Inácio Carvalho destacou a declaração do Major Sebastião Curió, que comandou os militares na mais dura repressão à guerrilha, que admitiu ter prendido e executado 41 pessoas na região do conflito. “Ele confessou o crime e admitiu ter infringido a Convenção de Genebra. A Corte de Direitos Humanos da OEA determina que se esclareça o que houve durante o regime. Defendemos que as forças armadas se reaproximem da sociedade e reconhecer que alguns seguimentos cometeram erros é um passo para isso. A luta por democracia ainda continua. No Estado Brasileiro existem entraves que impedem que a verdade venha à tona".
Durante o debate, Tânia Gurjão fez um questionamento. “Se os militares estão protegidos e dizem que os crimes foram prescritos, por que insistem em manter em sigilo?”. Mesmo já tendo recebido os restos mortais do irmão, que por quase quatro décadas foi considerado desaparecido político, Tânia ainda fala em nome das famílias que perderam parentes em confrontos. "Queremos enterrar nossos mortos, se ainda existe pó, queremos esse pó. As famílias somos todos nós", defende.

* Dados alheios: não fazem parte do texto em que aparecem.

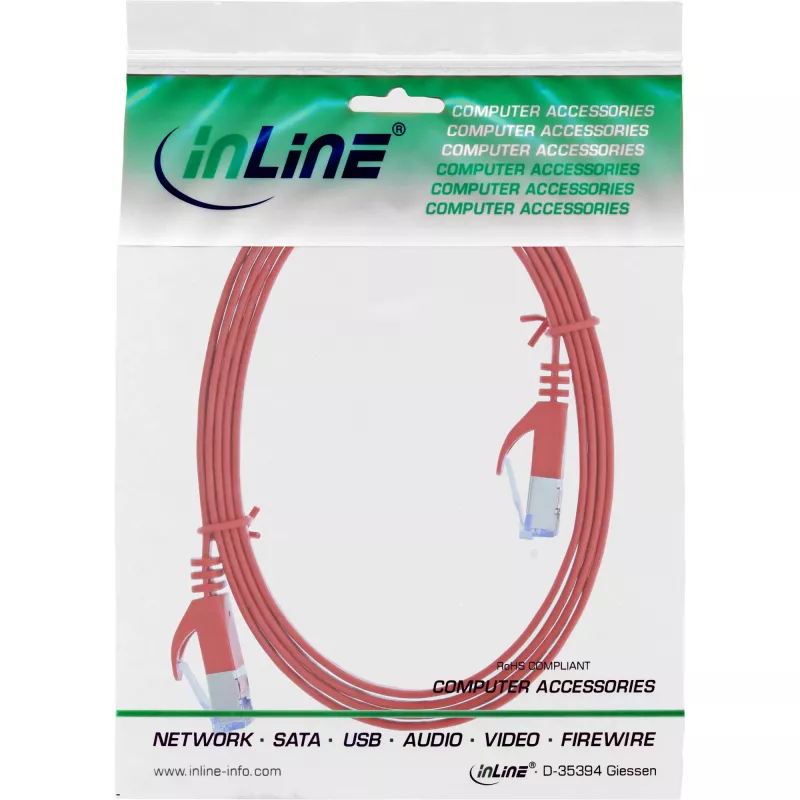 Cabo patch plano InLine, U/FTP, Cat.6A, vermelho, 3 m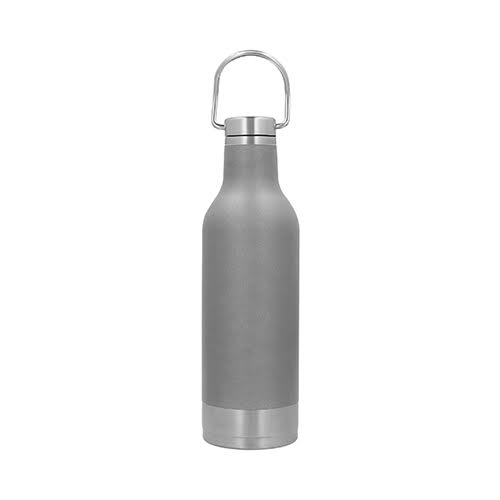 T-109, Termo con doble pared de acero inoxidable, tapa con asa metálica enroscable y base de metal. Cap. 500 ml.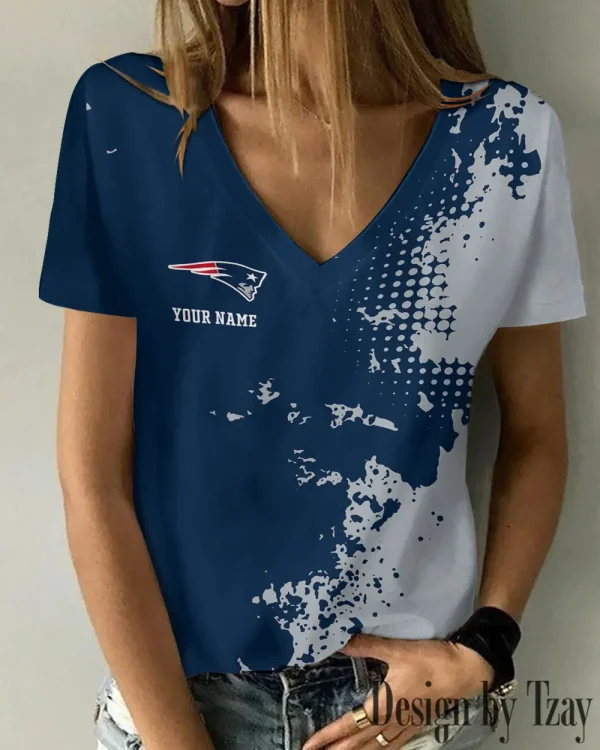 New England Patriots Girl Clothes Summer V-neck Short-sleeved Tees New 2025 AGCWTS1115 - Image 3
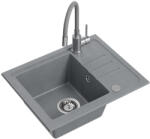 Quadron BEN 116 szürke gránit mosogató szürke csaptelep rugalmas kifolyóval + szifon + kupak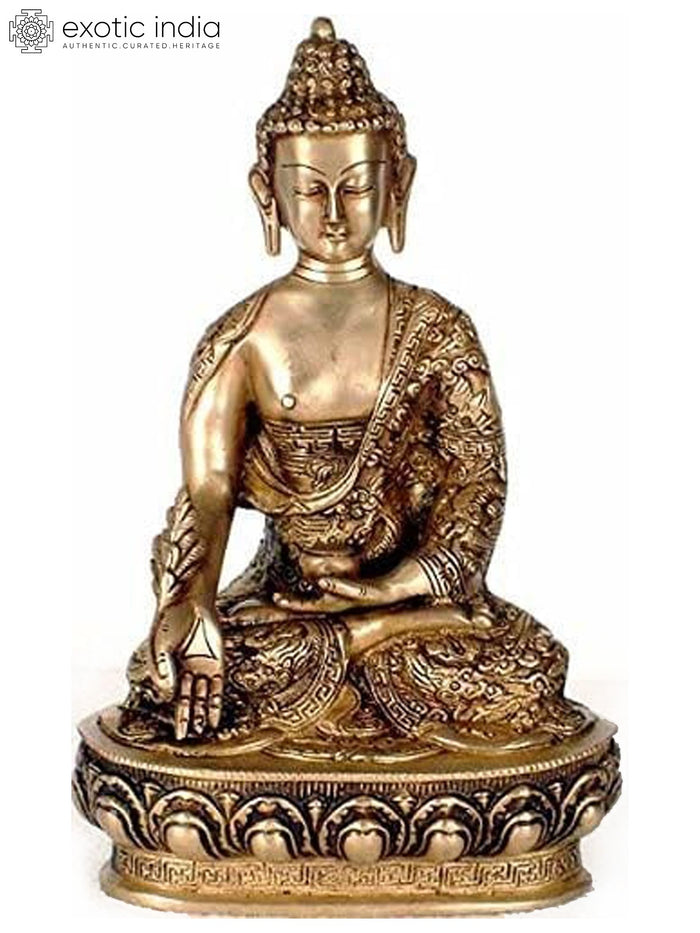 10" Medicine Buddha Handmade Brass Idol with Intricate Carving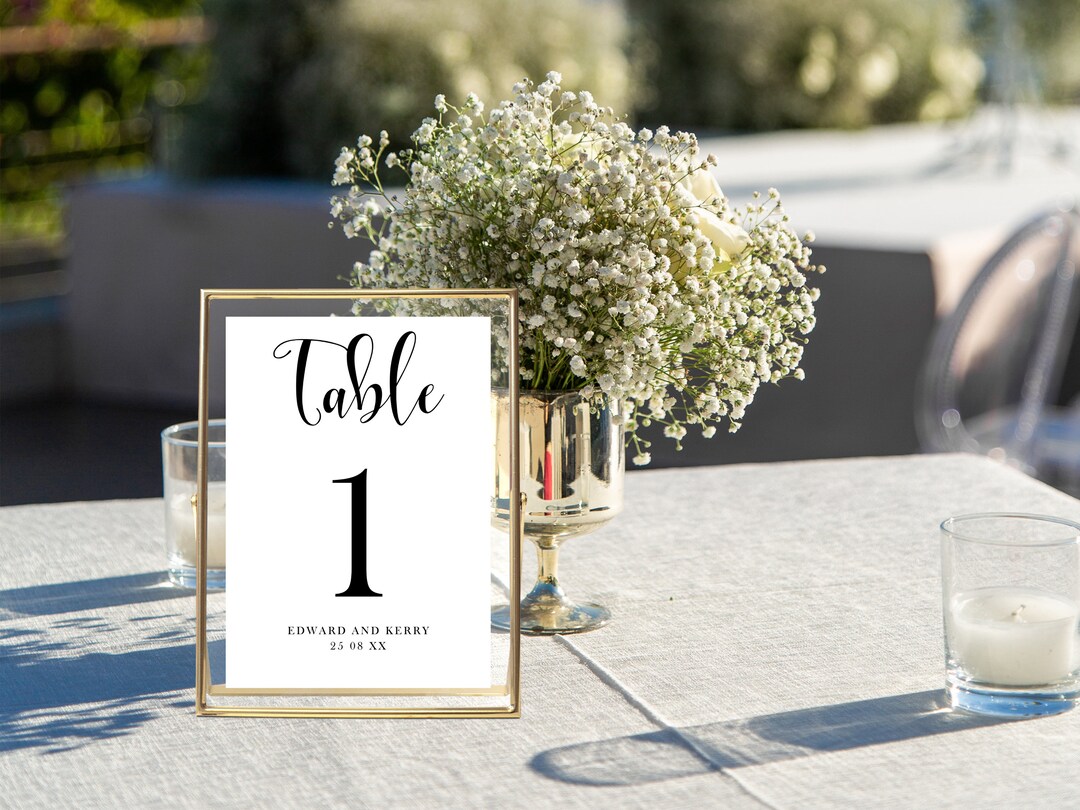 Editable Wedding Table Numbers Template Canva Design in 3 Sizes 5x7 ...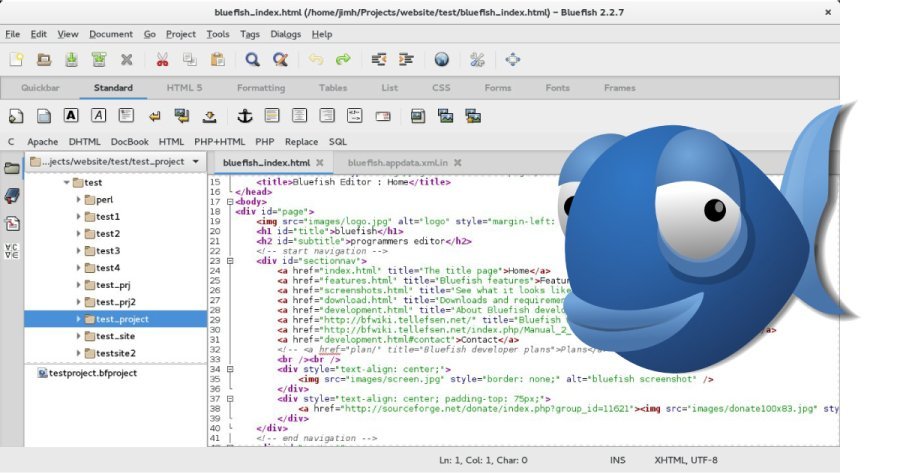 Giao diện của Bluefish chỉ gồm văn bản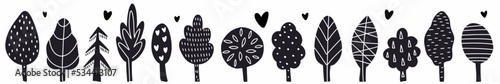Vector, children's, horizontal pattern with hand-drawn trees in doodle style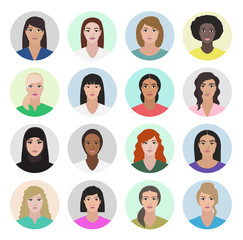Woman icon - collection of circular profile illustrations in flat style of different women. Design template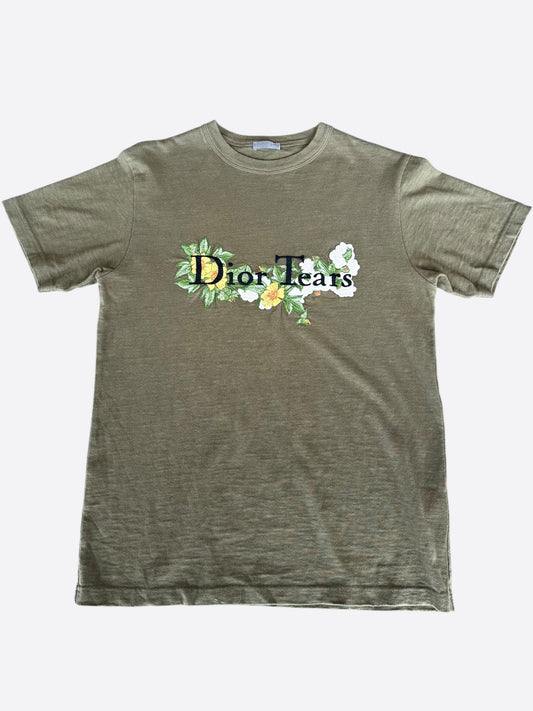 Dior Denim Tears Olive Floral Logo T-Shirt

Emocionada, a irmã do guerrilheiro cearense fez um apelo. “Peço em nome do Bergson aos defensores da nossa pátria para que sejam abertos os arquivos da ditadura e possamos recuperar os corpos dos nossos entes queridos. Se os militares já estão beneficiados com a prescrição dos crimes, não há o que temer. Eles, como pais e mães, devem pensar nisso”.